The Sunday Paper: Complacency


One of the things successful people can run into is balancing complacency with hunger to succeed. Watching Kanye’s Netflix documentary this past week, it reminded me of the times when I came over to America for the first time with a bunch of samples and a dream. I headed to NY first and had a rundown hotel room that had a shared bathroom in the middle of winter. I used to wear a bunch of clothes to bed to keep warm. I remember I would always ask them for the ground floor because they didn’t have an elevator, and I had several suitcases of samples. It was fine with me. I just wanted to be close to the action. 

Prior to that on my actual first trip to NY to kick things off, I had slept on a friend of a friend's sofa that I had never met all the way out in Yonkers and would commute into the city each day. Also fine with me because I had never been close to the city like that before. I do recall the first time I saw the Manhattan skyline looking out the window on the plane and I was buzzing, a true outer-body experience, if you will. I had finally made it to NYC. For me, back then, New York was it. I used to watch shows on MTV like Making the Band, and I would say to my mom, "That's my city." Fast forward to today, and I've now chosen Los Angeles as my city. On subsequent trips back to NY, I recall landing in the city with no money really and no place to stay and had to go to the library for internet. When you are in those moments, you can't help but dream of better days. But when you reach those better days, it's interesting how you look back on those tough times and be like, man, that was living for real. 

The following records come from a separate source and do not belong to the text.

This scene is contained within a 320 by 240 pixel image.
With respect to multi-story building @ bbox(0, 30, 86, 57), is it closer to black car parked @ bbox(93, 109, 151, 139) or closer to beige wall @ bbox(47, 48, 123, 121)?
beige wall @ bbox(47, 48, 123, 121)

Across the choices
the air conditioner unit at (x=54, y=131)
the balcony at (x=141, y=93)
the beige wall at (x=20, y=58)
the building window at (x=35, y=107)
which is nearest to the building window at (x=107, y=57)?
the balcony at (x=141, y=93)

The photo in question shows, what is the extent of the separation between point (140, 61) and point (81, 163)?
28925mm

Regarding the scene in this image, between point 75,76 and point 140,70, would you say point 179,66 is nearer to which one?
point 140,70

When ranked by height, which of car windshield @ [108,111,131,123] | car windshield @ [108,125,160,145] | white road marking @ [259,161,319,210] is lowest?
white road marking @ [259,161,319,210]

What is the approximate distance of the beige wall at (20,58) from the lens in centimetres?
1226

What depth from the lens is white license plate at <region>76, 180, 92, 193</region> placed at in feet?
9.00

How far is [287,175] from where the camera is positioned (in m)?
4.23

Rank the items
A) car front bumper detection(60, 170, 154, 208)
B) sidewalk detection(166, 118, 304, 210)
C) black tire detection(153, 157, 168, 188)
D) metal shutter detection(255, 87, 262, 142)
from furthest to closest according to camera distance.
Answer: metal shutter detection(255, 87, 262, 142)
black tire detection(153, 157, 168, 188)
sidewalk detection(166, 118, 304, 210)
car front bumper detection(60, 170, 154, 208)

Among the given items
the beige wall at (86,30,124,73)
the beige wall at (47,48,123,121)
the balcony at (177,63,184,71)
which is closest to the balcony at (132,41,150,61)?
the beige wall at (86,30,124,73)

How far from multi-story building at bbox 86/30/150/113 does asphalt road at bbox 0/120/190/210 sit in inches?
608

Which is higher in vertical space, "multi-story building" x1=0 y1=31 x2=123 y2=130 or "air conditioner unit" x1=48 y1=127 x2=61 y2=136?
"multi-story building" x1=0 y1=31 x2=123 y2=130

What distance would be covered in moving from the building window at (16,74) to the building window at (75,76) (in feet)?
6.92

I had a friend and mentor, Bernard Percy, who used to say to me, you're either right at the edge of the cliff (or beyond the cliff's edge) or you're moving back from the edge of the cliff. And what I got from that was you are either out of your comfort zone, ie going past the edge of the cliff, or in your comfort zone by retreating from the edge of the cliff. Success can make you take your foot off the pedal and back away from the edge of the cliff. In other words, you fall back into your comfort zone. I think personally for me, I was more hungry driving a Prius around than driving a Land Rover. This is so true that I even read in an article that Rick Owens likes to embrace discomfort by having a cold and severe environment that would force him to aspire for more, so he could be at his very best. Not even being at his level, I can totally understand where he is coming from. So much so that I recently sold up and moved out of the suburbs back downtown. With that, I have managed to cultivate that hunger and desire again and rekindle that basic purpose that drove me to move halfway across the world with nothing but a dream. And as my mentor told me, it all works out in the end, and if it hasn't worked out, it's not the end. I like that, and that is where I will leave it for this Sunday Paper.